Forecasts based on a similar model of world trade to that of the WTO by the CPB Netherlands Bureau for Economic Policy Analysis put 2011 merchandise trade growth, as measured by volume of exports, at around 10 percent this year, down from an estimated 15 percent in 2010 when trade volumes roared back after shrinking 13 percent in 2009.
The WTO, which will present its forecast for 2011 at around 1000 GMT, may also revise its estimate of trade growth last year from a forecast of 13.5 percent made in December.
China, the world’s biggest exporter, saw its exports rise 12.9 percent in 2010, but the rate has slowed dramatically in 2011, according to national figures. Nevertheless, CPB economist Gerard van Welzenis said growth in global trade is still being driven by strong emerging market economies.
“Anything above 7 percent -- the long-term pre-crisis average for about 10 years, is a very good performance,” he told Reuters.
WTO Director General Pascal Lamy will present Thursday’s forecasts as he faces growing pressure to deliver progress on the latest round of global trade talks aimed at keeping tariffs, subsidies and other barriers to trade at bay.

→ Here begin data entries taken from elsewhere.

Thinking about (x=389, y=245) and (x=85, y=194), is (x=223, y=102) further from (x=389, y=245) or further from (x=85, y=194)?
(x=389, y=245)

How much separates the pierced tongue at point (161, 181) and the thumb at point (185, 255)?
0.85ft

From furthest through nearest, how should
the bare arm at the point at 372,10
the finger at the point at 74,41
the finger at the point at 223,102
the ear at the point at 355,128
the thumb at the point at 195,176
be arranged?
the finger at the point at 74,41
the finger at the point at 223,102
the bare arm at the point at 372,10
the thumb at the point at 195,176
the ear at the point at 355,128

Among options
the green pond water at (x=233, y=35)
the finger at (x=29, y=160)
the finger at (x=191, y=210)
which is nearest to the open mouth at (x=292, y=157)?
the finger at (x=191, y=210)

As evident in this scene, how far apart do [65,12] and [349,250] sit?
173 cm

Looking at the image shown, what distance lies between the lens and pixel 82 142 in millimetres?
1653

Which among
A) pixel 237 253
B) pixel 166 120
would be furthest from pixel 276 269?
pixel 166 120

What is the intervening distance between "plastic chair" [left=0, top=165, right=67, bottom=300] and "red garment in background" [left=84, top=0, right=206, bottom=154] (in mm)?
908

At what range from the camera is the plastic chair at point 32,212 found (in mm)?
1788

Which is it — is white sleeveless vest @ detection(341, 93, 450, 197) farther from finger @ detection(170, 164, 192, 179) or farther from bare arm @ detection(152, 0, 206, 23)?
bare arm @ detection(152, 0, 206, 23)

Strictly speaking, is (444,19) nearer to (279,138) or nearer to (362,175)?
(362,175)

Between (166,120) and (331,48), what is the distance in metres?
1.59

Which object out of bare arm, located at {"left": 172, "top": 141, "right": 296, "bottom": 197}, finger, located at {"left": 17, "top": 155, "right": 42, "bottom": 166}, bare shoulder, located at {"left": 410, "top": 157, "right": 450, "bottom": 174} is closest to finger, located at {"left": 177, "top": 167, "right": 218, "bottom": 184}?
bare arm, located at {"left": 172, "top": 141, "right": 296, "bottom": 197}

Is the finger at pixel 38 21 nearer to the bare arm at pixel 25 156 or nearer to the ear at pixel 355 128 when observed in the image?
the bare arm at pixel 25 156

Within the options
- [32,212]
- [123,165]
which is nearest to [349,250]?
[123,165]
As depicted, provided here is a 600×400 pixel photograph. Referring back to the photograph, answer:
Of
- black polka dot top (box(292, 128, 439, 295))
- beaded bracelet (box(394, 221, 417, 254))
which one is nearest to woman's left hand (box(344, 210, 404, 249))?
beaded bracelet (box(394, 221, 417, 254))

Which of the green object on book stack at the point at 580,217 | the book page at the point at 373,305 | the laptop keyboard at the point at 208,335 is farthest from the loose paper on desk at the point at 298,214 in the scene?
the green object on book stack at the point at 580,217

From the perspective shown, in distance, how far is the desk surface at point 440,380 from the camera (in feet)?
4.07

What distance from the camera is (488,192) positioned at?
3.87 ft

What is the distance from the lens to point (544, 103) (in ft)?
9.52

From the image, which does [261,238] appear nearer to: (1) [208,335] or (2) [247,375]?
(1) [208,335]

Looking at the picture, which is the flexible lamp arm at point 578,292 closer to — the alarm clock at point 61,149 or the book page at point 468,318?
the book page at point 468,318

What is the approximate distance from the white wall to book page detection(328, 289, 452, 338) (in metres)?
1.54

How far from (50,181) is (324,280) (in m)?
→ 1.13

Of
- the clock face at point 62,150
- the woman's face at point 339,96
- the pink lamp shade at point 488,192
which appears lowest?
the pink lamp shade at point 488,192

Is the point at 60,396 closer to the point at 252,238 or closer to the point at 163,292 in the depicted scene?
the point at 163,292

The so-called Doha round of WTO negotiations is widely seen as in crisis because they are now almost a decade old, and because failure to secure an agreement this year could leave the talks in limbo as a number of key WTO members enter election years in 2012.
So would a failure of Doha restrict world trade growth?

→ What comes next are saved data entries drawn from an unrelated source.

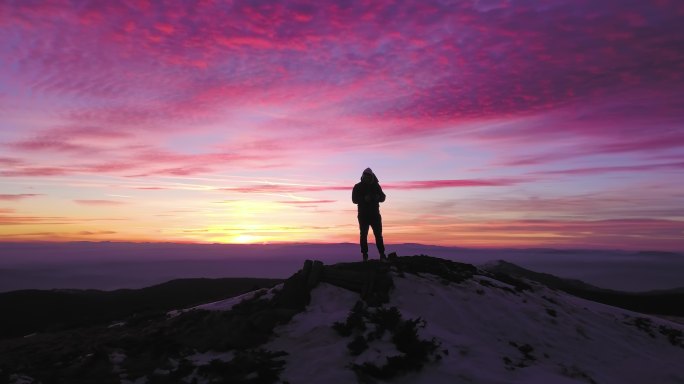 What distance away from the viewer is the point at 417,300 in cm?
1120

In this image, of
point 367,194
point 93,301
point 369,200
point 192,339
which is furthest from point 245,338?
point 93,301

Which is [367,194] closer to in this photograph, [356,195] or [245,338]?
[356,195]

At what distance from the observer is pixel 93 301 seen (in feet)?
78.8

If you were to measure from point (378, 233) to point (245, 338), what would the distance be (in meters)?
5.43

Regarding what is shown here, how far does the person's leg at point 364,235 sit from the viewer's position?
1348 centimetres

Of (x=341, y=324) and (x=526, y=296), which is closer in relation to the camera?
(x=341, y=324)

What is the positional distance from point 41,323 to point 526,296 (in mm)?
19485

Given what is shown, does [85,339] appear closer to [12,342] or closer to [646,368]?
[12,342]

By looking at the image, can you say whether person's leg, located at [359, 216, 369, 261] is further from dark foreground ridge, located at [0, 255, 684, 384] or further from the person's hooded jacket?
dark foreground ridge, located at [0, 255, 684, 384]

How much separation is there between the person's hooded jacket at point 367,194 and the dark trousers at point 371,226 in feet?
0.43

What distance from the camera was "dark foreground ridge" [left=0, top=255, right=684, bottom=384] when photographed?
8164mm

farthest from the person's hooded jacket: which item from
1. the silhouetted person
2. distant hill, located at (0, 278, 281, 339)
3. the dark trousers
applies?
distant hill, located at (0, 278, 281, 339)

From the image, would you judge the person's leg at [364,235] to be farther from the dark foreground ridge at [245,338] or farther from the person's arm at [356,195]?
the dark foreground ridge at [245,338]

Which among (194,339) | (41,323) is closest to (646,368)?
(194,339)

“Not in the short term,” says van Welzenis of the semi-independent Dutch government body CPB. “But this is a matter for the long run. Even during the (financial) crisis (of 2008-2009) we might have expected governments to raise barriers, but not much happened.”
The WTO and its predecessor The General Agreement on Tariffs and Trade (GATT) had played an important role over the past 50 years, he said. “It’s still important.”